** Opening GIVEN INFORMATION block **
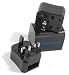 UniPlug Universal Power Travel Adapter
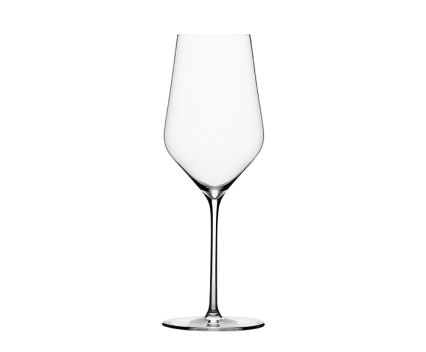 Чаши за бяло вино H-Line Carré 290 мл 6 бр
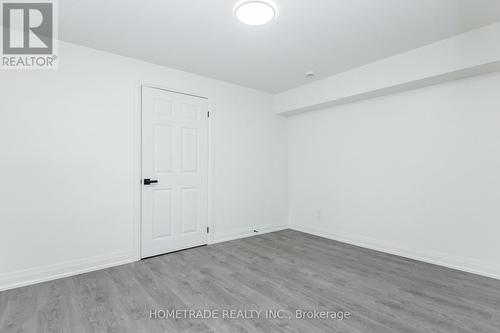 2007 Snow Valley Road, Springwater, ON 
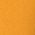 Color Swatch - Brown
** Closing GIVEN INFORMATION block **
** Opening GIVEN INFORMATION block **
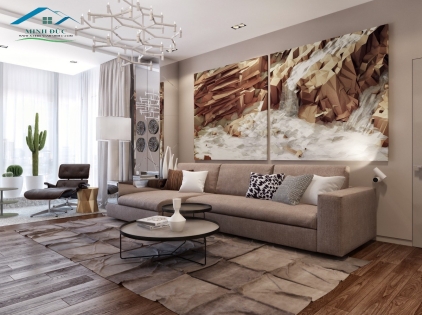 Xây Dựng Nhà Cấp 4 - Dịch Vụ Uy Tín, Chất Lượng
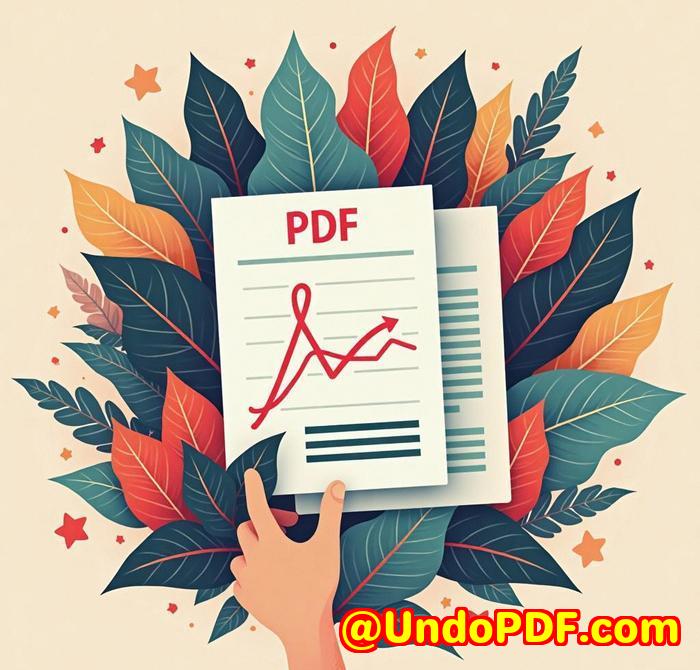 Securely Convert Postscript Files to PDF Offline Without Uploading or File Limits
** Closing GIVEN INFORMATION block **
## TASK REQUIREMENTS
Would you restate, exactly and with no pictures, the lines of the entries above from the one containing "UniPlug Universal Power Travel Adapter" through the one containing "Color Swatch - Brown"?

## RESPONSE TO THE EXERCISE
 UniPlug Universal Power Travel Adapter
 Чаши за бяло вино H-Line Carré 290 мл 6 бр
 2007 Snow Valley Road, Springwater, ON 
 Color Swatch - Brown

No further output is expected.